Kina otwarte! Tylko nie w NYC
Nowojorczycy mogą znowu chodzić do kina, ale tylko poza Wielkim Jabłkiem – ogłosił w sobotę gubernator. Mieszkańcy miasta uważają, że spory między nim a burmistrzem nie służą ich interesom.
Kina mogą wznowić pokazy 23 października przy 25-proc. pojemności, z maksymalnie 50 osobami na ekranie(?) – ogłosił w sobotę gubernator Andrew Cuomo (63 l.). Ograniczył jednak ponowne otwarcie do hrabstw poza Nowym Jorkiem, w tym Nassau, Suffolk i Westchester, z niskimi wskaźnikami zakażeń koronawirusem i bez gorących stref. W ubiegłym tygodniu duże sieci kin naciskały na Cuomo, aby zezwolił na ponowne otwarcie.
Cuomo powiedział również, że stan przyjmie strategię „mikroognisk”, a nie podejście regionalne przy wprowadzaniu jakichkolwiek przyszłych ograniczeń, aby zatrzymać rozprzestrzenianie się koronawirusa.
– Wymaga to większej liczby i bardziej ukierunkowanych testów, a następnie reakcji na sytuację w tej konkretnej lokalizacji za pomocą środków łagodzących – mówi Cuomo.
Stan zastosował tę strategię w wypadku gorących stref w częściach Brooklynu i Queens, w których liczba przypadków COVID-19 wzrosła w ostatnich tygodniach.
Tymczasem jego krytycy twierdzą, że pozostawił mieszkańcom tych skupisk nie tyle furtkę, ile wręcz szeroką bramę. Młodzież z ognisk wirusa nadal może jeździć do szkół poza swoimi dzielnicami.
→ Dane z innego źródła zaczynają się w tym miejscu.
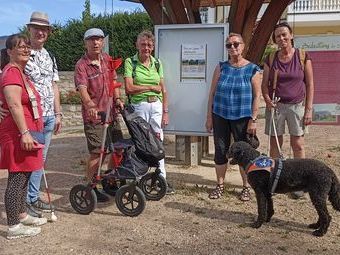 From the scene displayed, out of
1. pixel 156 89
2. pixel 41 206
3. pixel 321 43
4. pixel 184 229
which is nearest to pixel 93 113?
pixel 156 89

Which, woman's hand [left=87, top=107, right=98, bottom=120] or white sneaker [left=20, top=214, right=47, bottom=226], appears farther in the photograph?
woman's hand [left=87, top=107, right=98, bottom=120]

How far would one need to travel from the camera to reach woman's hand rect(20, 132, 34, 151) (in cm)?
425

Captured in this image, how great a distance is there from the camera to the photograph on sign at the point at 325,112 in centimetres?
754

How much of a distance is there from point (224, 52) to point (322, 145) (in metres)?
3.86

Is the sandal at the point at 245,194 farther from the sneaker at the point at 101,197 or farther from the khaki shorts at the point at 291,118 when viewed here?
the sneaker at the point at 101,197

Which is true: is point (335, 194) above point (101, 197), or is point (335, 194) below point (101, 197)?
above

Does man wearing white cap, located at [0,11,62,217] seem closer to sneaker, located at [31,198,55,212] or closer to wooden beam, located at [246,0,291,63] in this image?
sneaker, located at [31,198,55,212]

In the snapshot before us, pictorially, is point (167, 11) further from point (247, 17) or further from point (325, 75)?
point (325, 75)

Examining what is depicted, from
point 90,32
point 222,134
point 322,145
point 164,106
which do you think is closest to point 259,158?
point 222,134

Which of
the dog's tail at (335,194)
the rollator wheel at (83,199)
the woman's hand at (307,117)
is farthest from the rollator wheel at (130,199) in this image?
the woman's hand at (307,117)

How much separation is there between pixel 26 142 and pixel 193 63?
11.2 ft

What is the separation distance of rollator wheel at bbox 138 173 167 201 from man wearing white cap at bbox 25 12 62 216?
1142mm

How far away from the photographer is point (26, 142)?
425cm

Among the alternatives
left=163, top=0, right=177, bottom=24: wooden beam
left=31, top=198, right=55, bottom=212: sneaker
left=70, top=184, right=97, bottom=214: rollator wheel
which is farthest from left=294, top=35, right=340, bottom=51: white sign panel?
left=31, top=198, right=55, bottom=212: sneaker
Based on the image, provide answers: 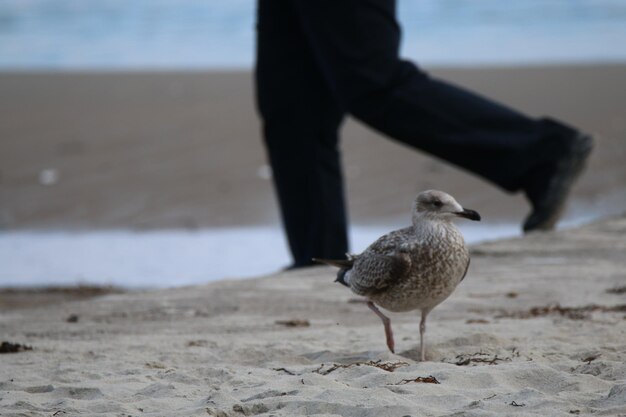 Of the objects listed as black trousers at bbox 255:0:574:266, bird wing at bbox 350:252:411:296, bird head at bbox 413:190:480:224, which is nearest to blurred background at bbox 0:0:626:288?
black trousers at bbox 255:0:574:266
Również dorośli często dojeżdżają do pracy transportem publicznym.
To nie jedyne problemy zgłaszane w ogniskach wirusa. Szefowa rady społeczności Queens
Alexa Weitzman stwierdziła w rozmowie z burmistrzem Billem de Blasio, że jego starcia z gubernatorem Cuomo o sposoby kontroli pandemii koronawirusa zaszkodziły lokalnym właścicielom firm i rodzicom. Chodzi przede wszystkim o podział stref na gorące i ostrzegawcze, decydujący o tym, czy wszystkie firmy mogą prowadzić interesy, czy tylko część z nich.
Na listę czerwonych stref może niebawem trafić część Bronxu. W ubiegłym tygodniu szef NYPD Dermot Shea poinformował, że departament obserwuje wzrost zachorowań wśród tamtejszych funkcjonariuszy. Wskaźnik pozytywności koronawirusa wyniósł w piątek 4,3 proc. w czerwonych strefach, co oznacza spadek z 4,84 proc. dzień wcześniej.
Ogólnie wskaźnik ten w całym stanie wynosił 1,1 proc.
Liczba hospitalizowanych wyniosła 929, czyli o 11 więcej niż dzień wcześniej. Dziewięć osób zmarło.